**WHAT IS BEING ASKED**
Skip the pictures. Output only the lines below starting at the line with "1986 Jeep Grand" and ending at the line with "kitchen with pendant", both ends included, exactly as they are.

Scraped caption text data:
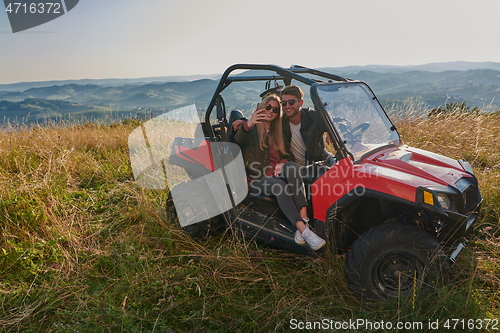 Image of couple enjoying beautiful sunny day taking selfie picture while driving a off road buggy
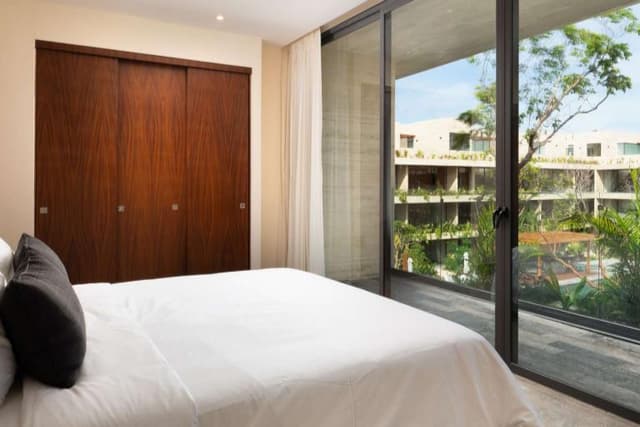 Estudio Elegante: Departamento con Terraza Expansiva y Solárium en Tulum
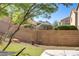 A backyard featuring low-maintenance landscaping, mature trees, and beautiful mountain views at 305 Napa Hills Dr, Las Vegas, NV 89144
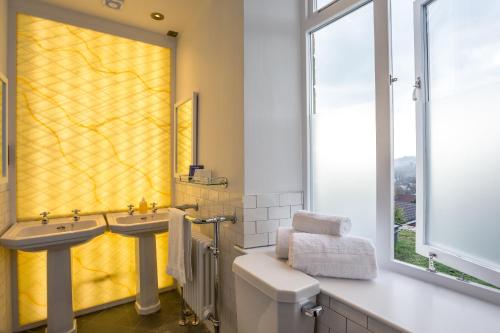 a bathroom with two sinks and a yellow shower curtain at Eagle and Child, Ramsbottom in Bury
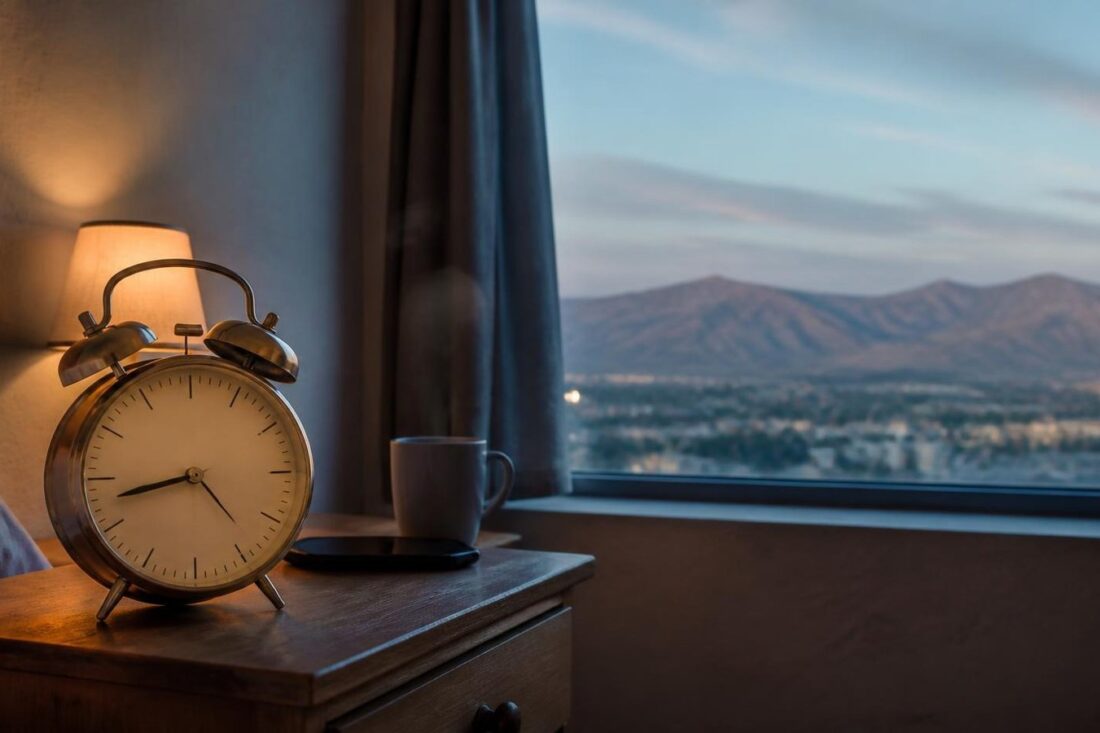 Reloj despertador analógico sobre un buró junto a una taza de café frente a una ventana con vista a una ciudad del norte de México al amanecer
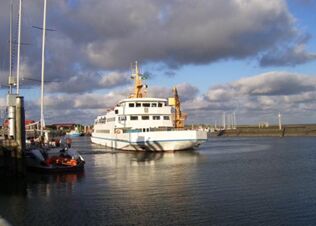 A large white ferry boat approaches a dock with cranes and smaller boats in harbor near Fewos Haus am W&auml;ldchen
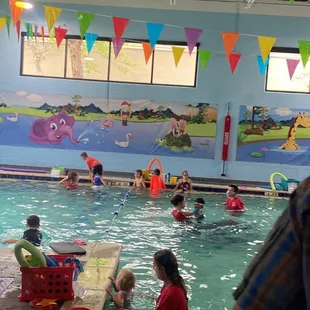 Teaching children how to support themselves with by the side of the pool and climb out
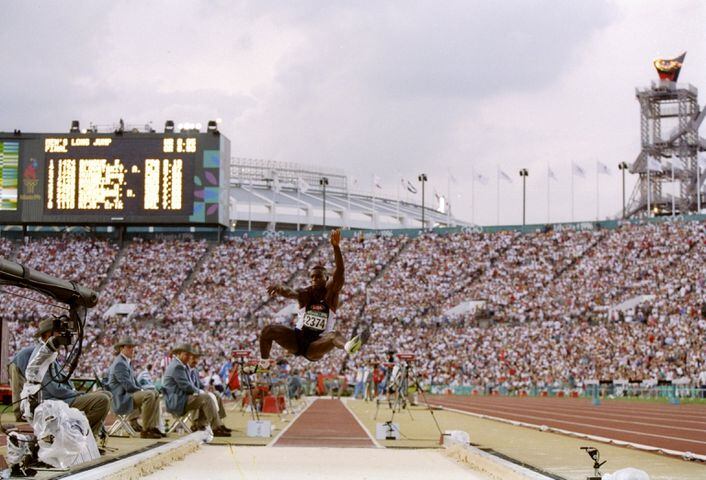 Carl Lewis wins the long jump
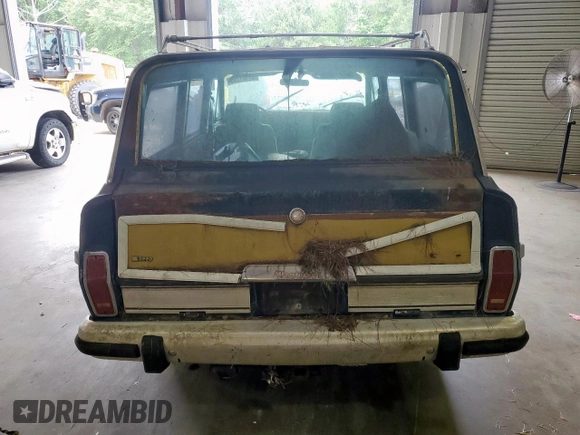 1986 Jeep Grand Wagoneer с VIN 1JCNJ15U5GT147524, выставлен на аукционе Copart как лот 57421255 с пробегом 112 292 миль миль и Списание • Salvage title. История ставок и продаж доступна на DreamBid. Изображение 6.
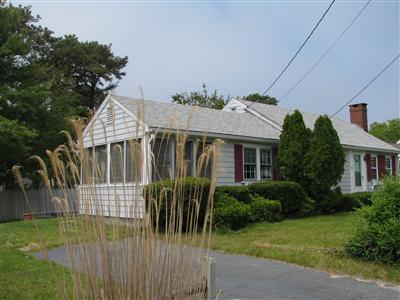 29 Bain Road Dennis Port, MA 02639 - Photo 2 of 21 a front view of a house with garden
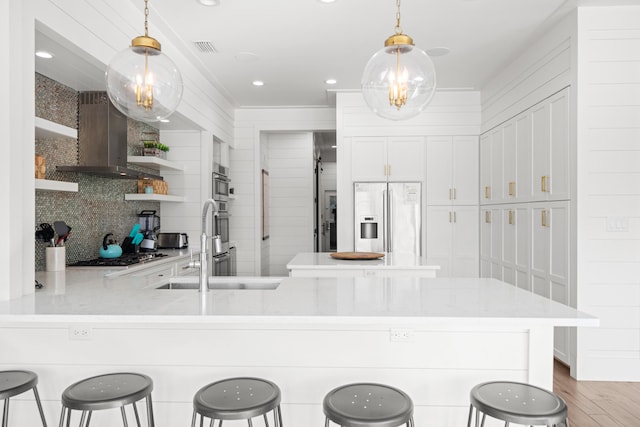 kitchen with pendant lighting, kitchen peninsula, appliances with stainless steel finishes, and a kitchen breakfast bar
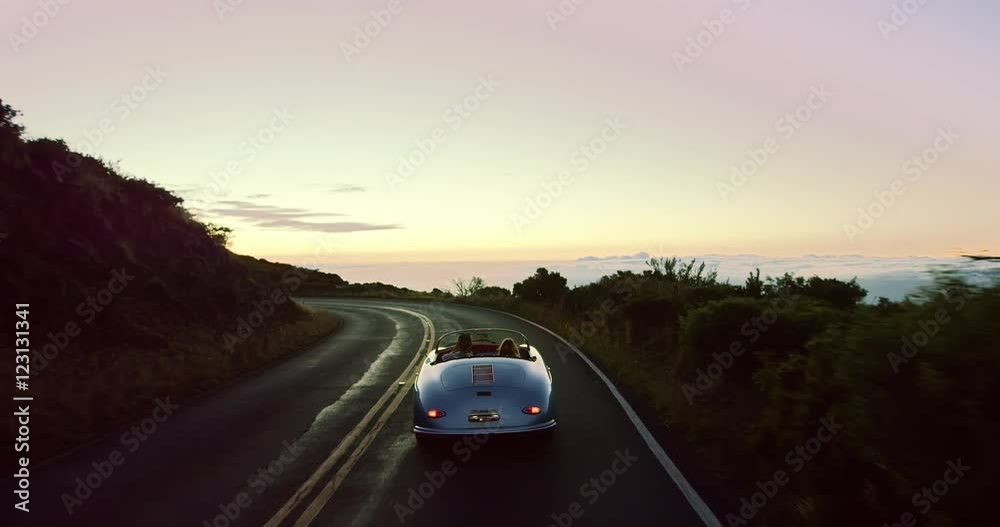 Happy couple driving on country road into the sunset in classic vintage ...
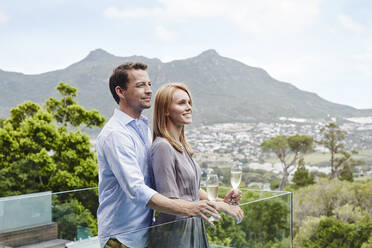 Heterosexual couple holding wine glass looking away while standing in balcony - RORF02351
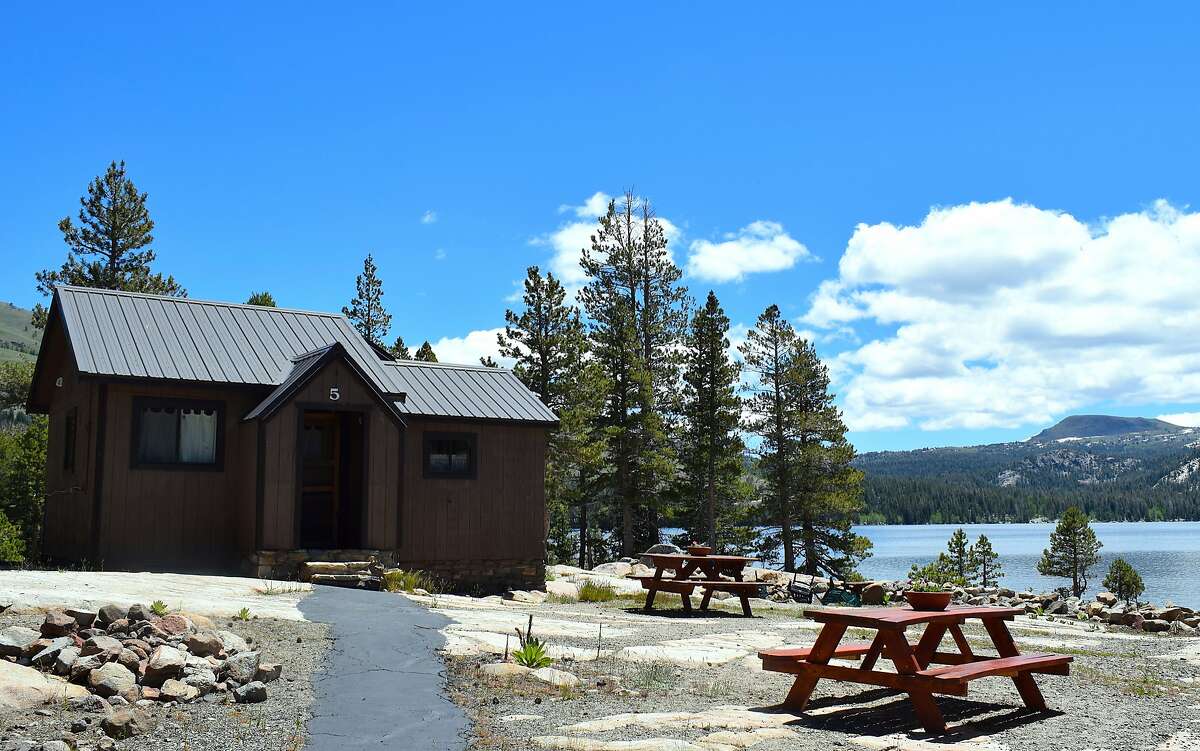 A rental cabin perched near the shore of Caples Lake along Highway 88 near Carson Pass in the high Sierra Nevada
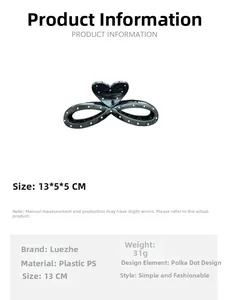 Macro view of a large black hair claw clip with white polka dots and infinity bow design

**EXERCISE OUTPUT**
 1986 Jeep Grand Wagoneer с VIN 1JCNJ15U5GT147524, выставлен на аукционе Copart как лот 57421255 с пробегом 112 292 миль миль и Списание • Salvage title. История ставок и продаж доступна на DreamBid. Изображение 6.
 29 Bain Road Dennis Port, MA 02639 - Photo 2 of 21 a front view of a house with garden
 kitchen with pendant lighting, kitchen peninsula, appliances with stainless steel finishes, and a kitchen breakfast bar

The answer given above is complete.